Pero, en segundo lugar, y sobre todo, porque refuerza la segunda de las corriente que hemos mencionado al principio. La Shoá no sólo fue posible por la judeofobia, también por la idea de que era legítimo encauzar el odio a través de la violencia, y particularmente a través de la violencia del Estado.
Considerar que una organización política tiene la obligación de sancionar a quien mienta abre el camino al control estatal del pensamiento. Si insuflamos a la ciudadanía la idea de que la libertad de expresión sólo es válida cuando se utiliza de manera correcta y responsable –cuando no se miente–, entonces estaremos enterrando la posibilidad de discrepar.
Por supuesto, la de Irving no era una discrepancia ingenua; sus mentiras se inscribían en una táctica difamatoria más amplia contra los judíos. Sin embargo, tampoco las intenciones pueden ser juzgadas: aun cuando tengamos la convicción de que Irving no era sincero en sus juicios históricos, de que mentía deliberadamente, no cabe acallarlo. Hay que ridiculizarlo y destapar sus mentiras, pero no confinarlo en prisión.
El Estado no debe subordinar la libertad de expresión a su juicio sobre la verdad ni a su opinión sobre las intenciones últimas de determinadas opiniones. La libertad no debe ser tamizada por controles administrativos. De hecho, sin libertad de expresión (de debate, de discusión y de contraste de opiniones) resulta imposible alcanzar la verdad, pues ésta queda petrificada en la forma arbitrariamente establecida por el Estado; sólo aquello que reciba el certificado público merece ser calificado como cierto.
En momento en que miles de musulmanes claman por censurar a los occidentales (recordemos la pancarta: "La libertad de expresión es el terrorismo occidental"), no podemos depositar en las manos de los políticos la capacidad para juzgar y censurar las opiniones de las personas.
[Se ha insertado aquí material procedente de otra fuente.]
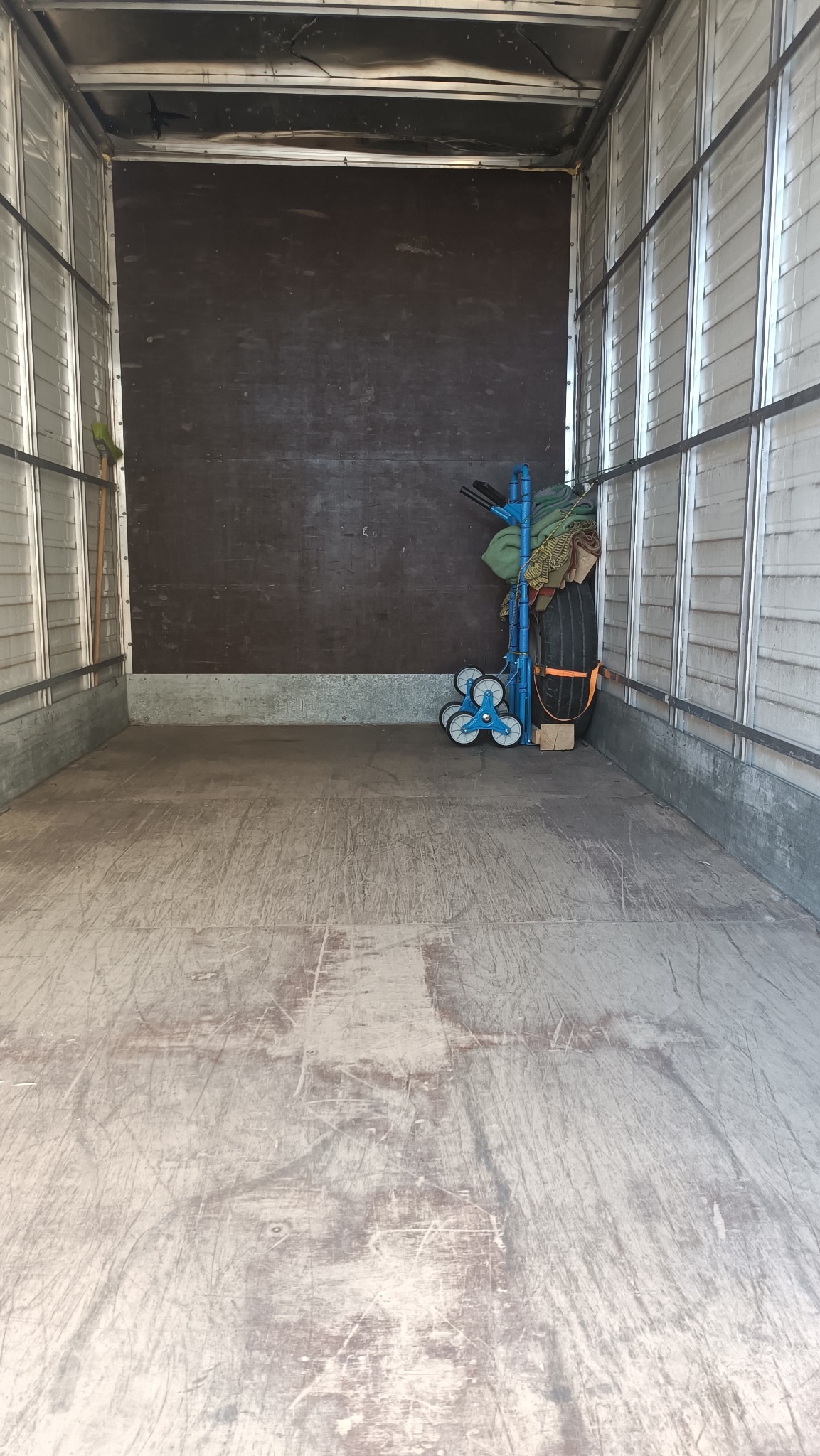Wnętrze paki busa z widoczną ścianą z płyty, podłogą zarysowaną śladami użytkowania oraz wózkiem transportowym z oponą i zabezpieczeniami w rogu.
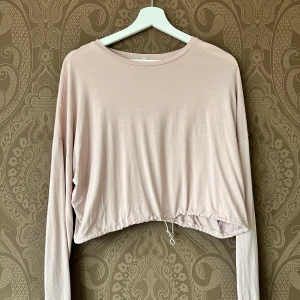 Långärmad tröja - En långärmad tröja i ”smutsrosa” som går att dra åt i midjan om man vill ha en kortare tröja. Ganska använd men i bra skick och fräsch, från Nelly🫶🏻🫶🏻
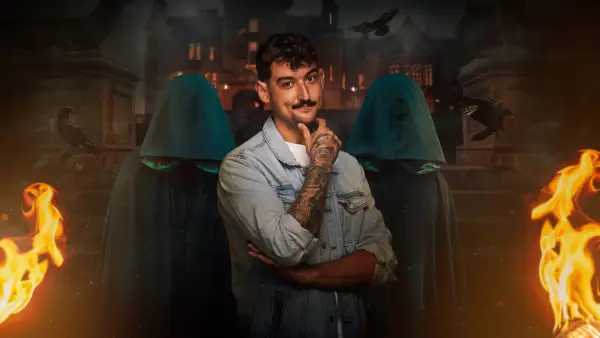 Jonny for The Traitors season 2. He is wearing a blue jacket and white t-shirt with his arms crossed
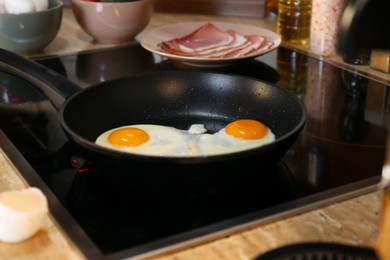 Frying eggs in kitchen for tasty breakfast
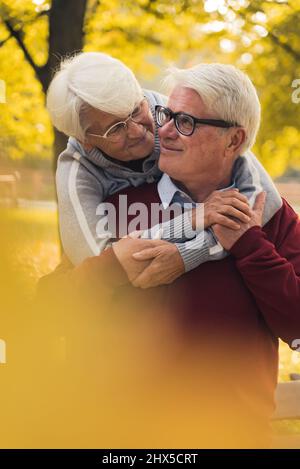Vertikale Aufnahme von zwei älteren grauhaarigen kaukasischen Menschen, die sich umarmen und Zeit im Freien verbringen, um den farbenfrohen Herbst zu genießen. Hochwertige Fotos Stockfoto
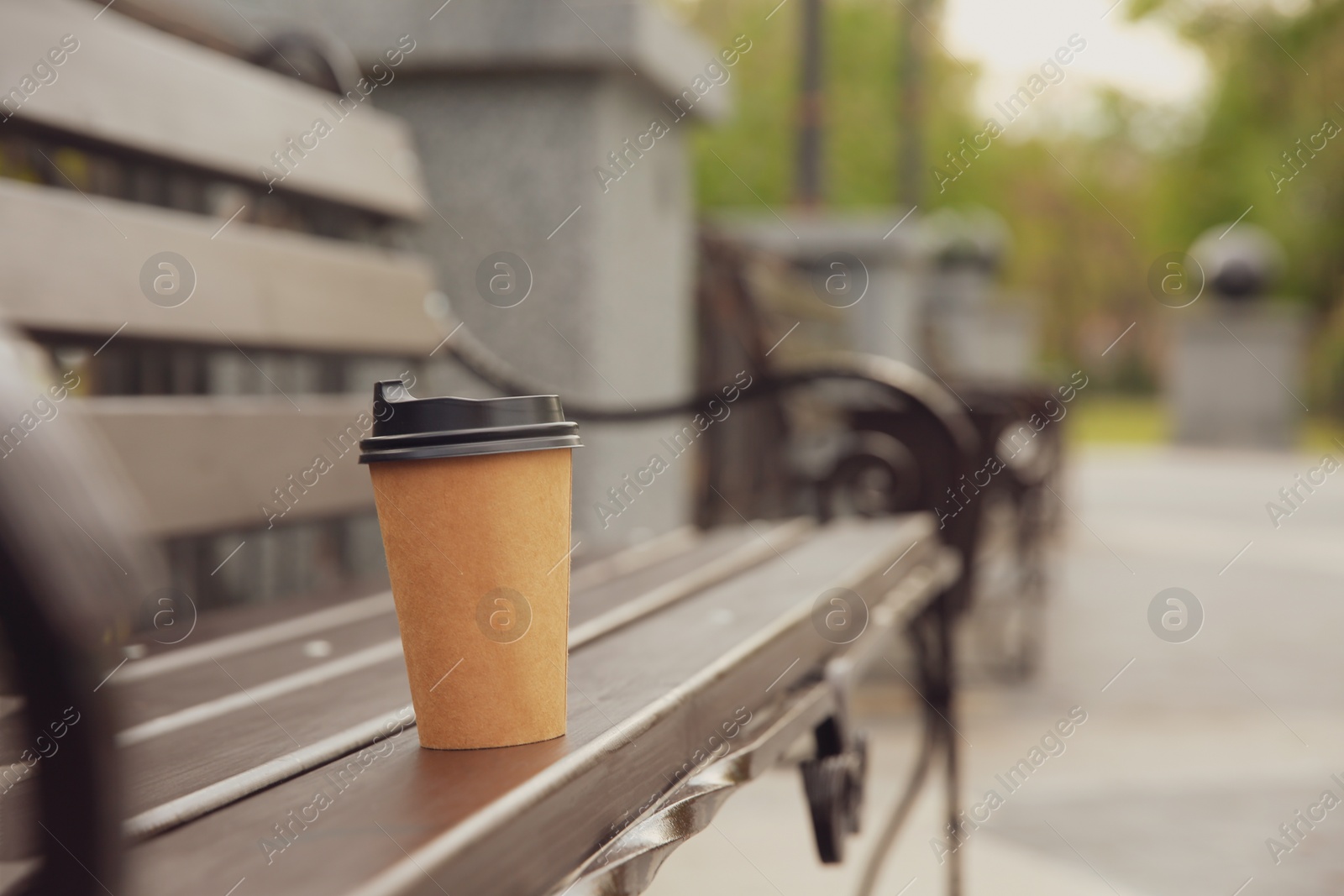 Photo of Takeaway paper coffee cup on bench outdoors, space for text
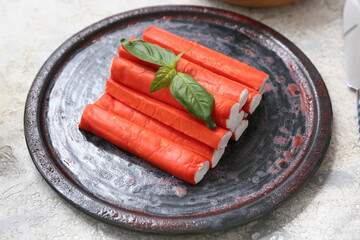 Plate with tasty crab sticks and basil leaves on white background © Pixel-Shot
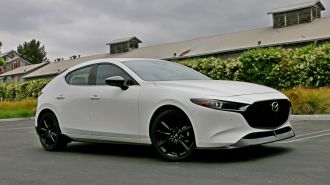 2024 Mazda3 Hatchback in white next to a long barn.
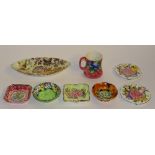 A small collection of Maling ware, to include a pair of floral ashtrays, floral mug,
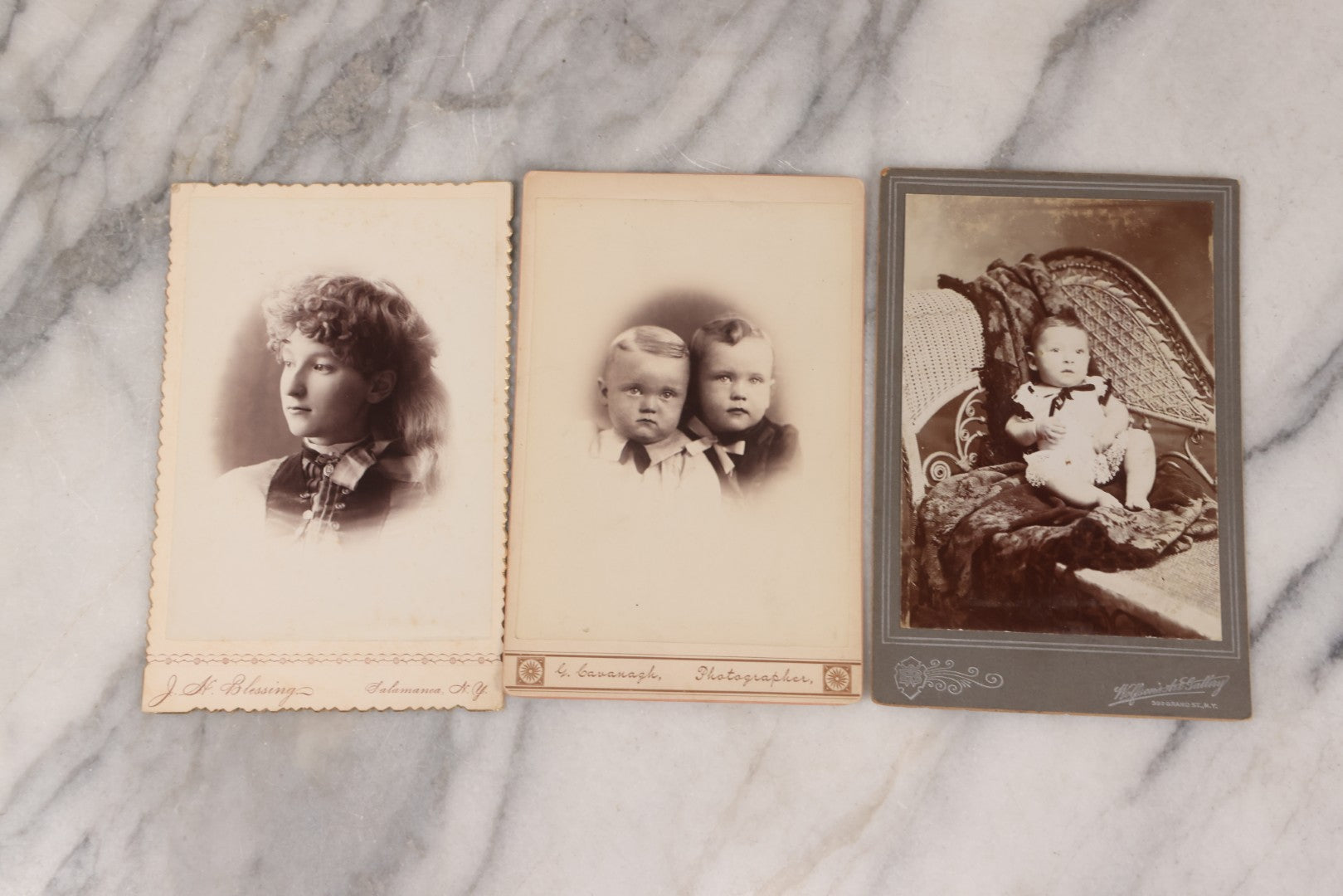 Lot 158 - Grouping Of Fifteen Antique Cabinet Card Photographs Of Men, Women, And Children, Including Woman Holding Hat With Umbrella, Parents With Child, Girl With Locket, And More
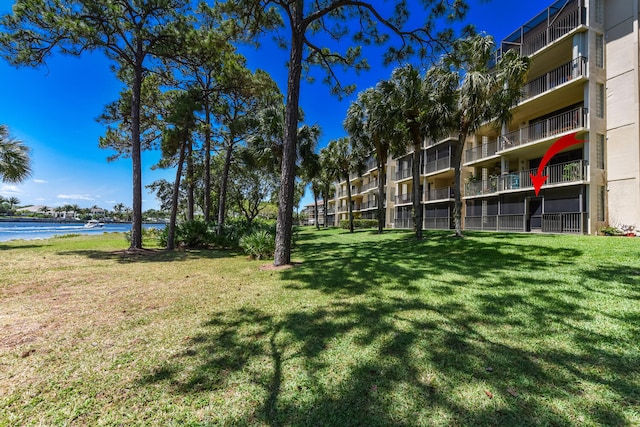 1001 Seafarer Cir Unit 102, Jupiter, FL 33477 - view of green lawn featuring a water view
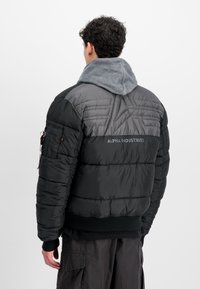 Chaqueta acolchada negra con una sección superior gris y capucha gris, con puños y cinturilla acanalados, y un bolsillo lateral con cremallera.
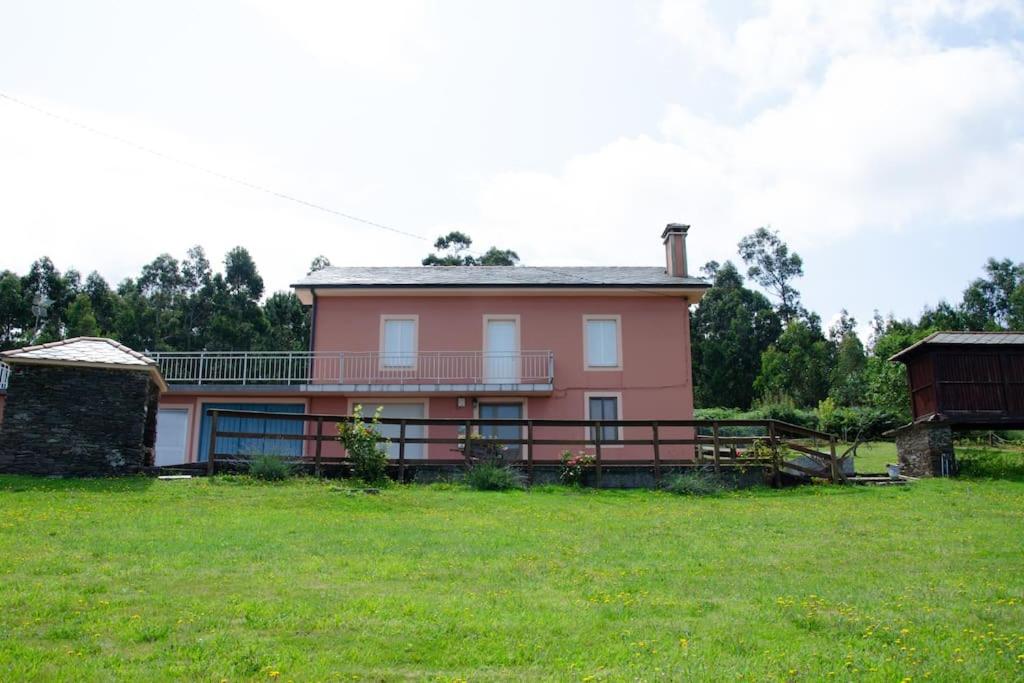 una casa rosa con un campo verde delante de ella en Villa Montedonigo, en Loiba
La tentación del uso y el abuso –la corrupción inherente al poder que detectara Lord Acton– es demasiado fuerte.
Pero hay que oponerse a cualquier género de censura no sólo porque carezcamos de garantías de que no vaya a ser utilizada en el futuro contra nosotros mismos, sino porque las ideas, en definitiva, no delinquen; lo hacen los individuos que utilizan las ideas para practicar la violencia.
Como decía hace unos días el rabino Daniel Lapin: "Perseguir a la gente que cree y dice cosas ofensivas es peligroso para todos nosotros. Coloca un poder ilimitado en manos del gobierno. Al fin y al cabo, una vez el Gobierno afirma saber qué es la verdad y se atribuye el derecho a castigar en función de las ideas, estoy siendo en la práctica esclavizado".
Las personas como Irving deben ser marginadas y excluidas de las sociedad libres, pero en ningún caso deben ser objeto de encarcelamiento. La mayoría no puede alzarse como juez de la verdad para luego linchar al condenado. La violencia sólo puede utilizarse a modo de defensa; la iniciación de la violencia nunca es legítima.
Irving es un miserable y un mentiroso por sus opiniones, pero no un criminal. Conviene tener clara la diferencia.